Жак-француз. В память о ГУЛАГе (Росси, Сард) - страница 63

«Не знаю, в какой момент исчез мой сопровождающий. Я слишком нервничал. Не обратил внимания. Как бы то ни было, его уже не было. Зато появились трое или четверо молодых военных в шапках с нашивками земляничного цвета, которые вежливо попросили:

– Будьте добры, откройте чемодан и достаньте всё из карманов.

Очень вежливо попросили. Я не знал, что со мной будет, но понимал, что мы находимся в здании политической полиции, в тюрьме, в “большом доме”. Меня попросили открыть чемодан и составили подробный список всего, что там было. Я говорил себе, что эти предосторожности необходимы, когда кто-то уезжает за границу с секретным заданием. Недавно я предостерегал одну знакомую коммунистку, по легенде не имевшую отношения к СССР, которая завернула туфли в газету “Правда”! Такая деталь могла вас выдать. Затем солдаты попросили меня раздеться и осмотрели мою одежду. Я оделся, удивляясь, что мне не вернули галстука. Затем меня пригласили в соседний кабинет, выдали подробный список личных вещей, он остался у меня. Я сел за столик, на котором ждали чернильница с фиолетовыми чернилами – в России повсюду были эти фиолетовые чернила, – ручка с пером и анкета. Мне очень любезно сказали:

– Будьте добры, заполните.

Я взял ручку. Анкета в России – это было святое, их заполняли всегда и везде, они были частью системы.
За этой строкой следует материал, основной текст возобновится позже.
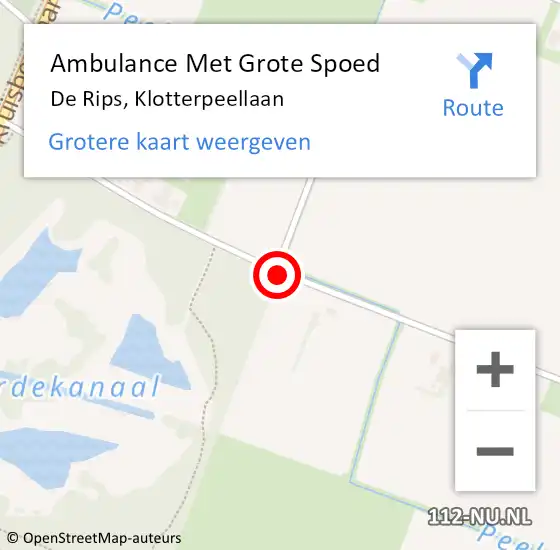 Locatie op kaart van de 112 melding: Ambulance Met Grote Spoed Naar De Rips, Klotterpeellaan op 16 juni 2016 16:42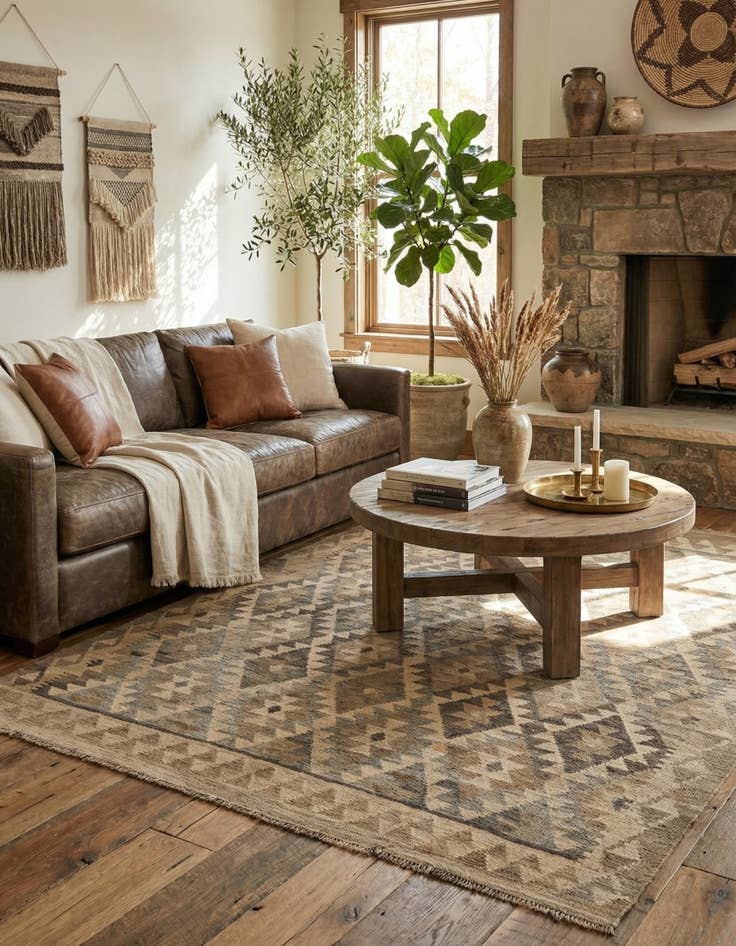 Detail image of  5' 2 x 6' 7  Hand Woven Kilim Maymana Wool Rug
Имя, фамилия, партийность, дата и место рождения, национальность… Полным-полно вопросов, я отвечал на них механически, по-прежнему ничего не понимая. “Росси Жак Робертович”. Страница следовала за страницей, но вот наконец я дошел до последней и прочел: “Подпись обвиняемого”. Я был “обвиняемым”! Я вернул анкету, перечитал “шапку” на первой странице, на которую сперва не обратил внимания, и прочитал: “Анкета обвиняемого”. От волнения я не заметил этих слов, которые буквально бросались в глаза. Они были набраны огромным шрифтом. Вот что получается, когда не хочешь видеть того, что есть. Я отказывался смотреть правде в лицо. Позже, в тюрьме, я какое-то время просто не слышал стонов истязаемых. Вот так и теперь я не заметил, не пожелал заметить эту “шапку” на анкете, набранную жирным крупным шрифтом, и только в самом конце был уже просто вынужден увидеть и понять это слово – обвиняемый.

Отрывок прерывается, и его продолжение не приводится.